了解完這邊的情況,我們來到物業管理處,剛進來的時候,他們就一臉審視的模樣,看得出來他們對段女士已經不陌生了。接著售樓部的客服主任開始推搪,稱段女士的房子有整改問題,所以才進行整改。當記者追問是什麼原因整改的時候,他們直接說不清楚,只知道有整改問題。

而段女士說,他們是打通了三戶,她當時照了相的,現在卻說只對一戶進行了整改,明顯說不過去。
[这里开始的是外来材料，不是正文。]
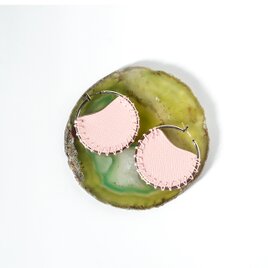 Pastel Flat【レザーピアス/イヤリング】"sakura"の画像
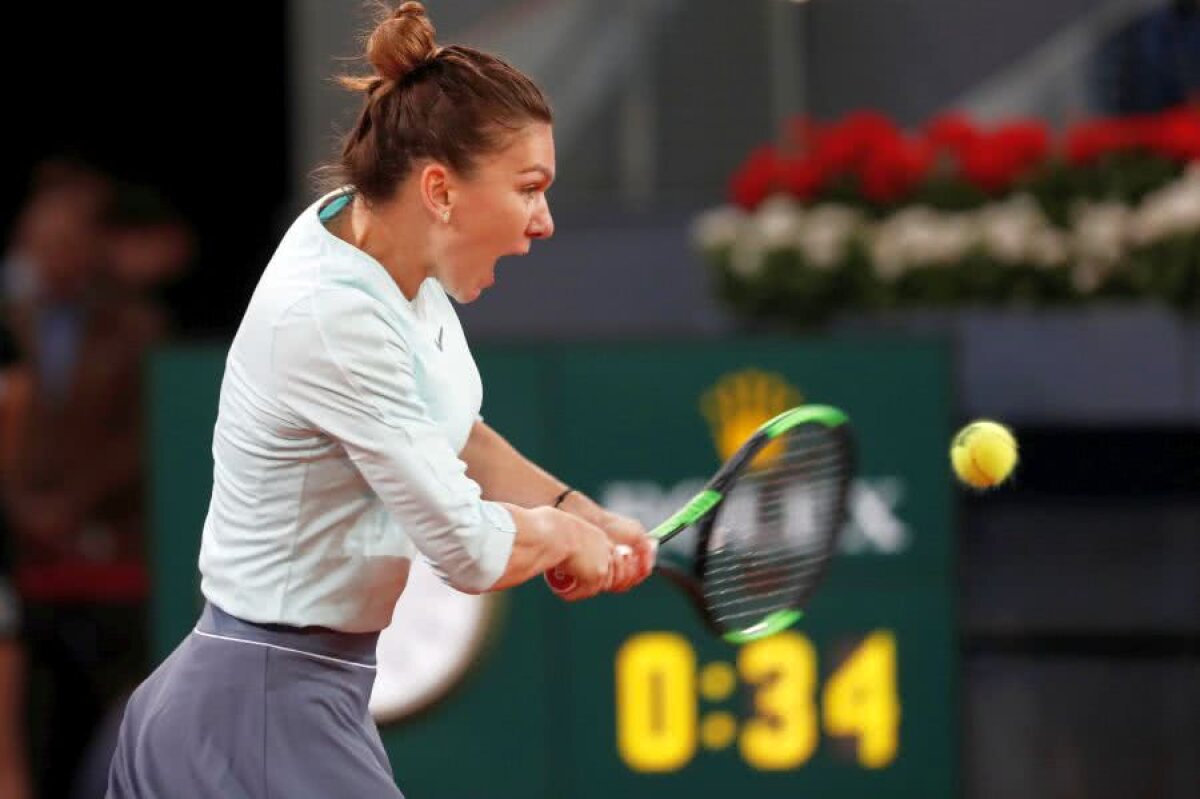 SIMONA HALEP - VIKTORIA KUZMOVA 6-0, 6-0 // FOTO + VIDEO Halep, meci perfect și victorie-fulger, în doar 45 de minute! Cu cine joacă în sferturi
但是我們也無能為力,接著採訪物管公司,有人跟王經理打了招呼之後,他徑直離開了。工作人員直接應付我們說:「他有事,剛走!」。

場面有點僵持,現在他們不承認,而段女士絲毫沒有證據,連個整改文件都沒有。莫老師想著要離開了,段女士開始說另外一件事。

就在我們採訪的前一天,段女士的爸爸和丈夫和裝修工人發生爭執,動手打架,他們被刀具弄傷,這件事情已經有司法部門介入了。莫老師沒有多問。

但是那段女士很委屈,不停地哭,說「當時她爸爸背上一直流血,那麼大年紀的人,現在還躺在醫院裡。」又說起還有一個孩子在家,老公被打得也在醫院躺著。現在不知道怎麼辦,家裡的人手不夠用了,生意也做不了。她一直央求著我們幫幫她們,她身邊只有兩個親戚在幫著。

「那個王經理平時和我爸爸稱兄道弟的,客氣得很,可是昨天打人的時候,他就逃之夭夭了,而且連個保安也不幫忙叫。」段女士不平地說。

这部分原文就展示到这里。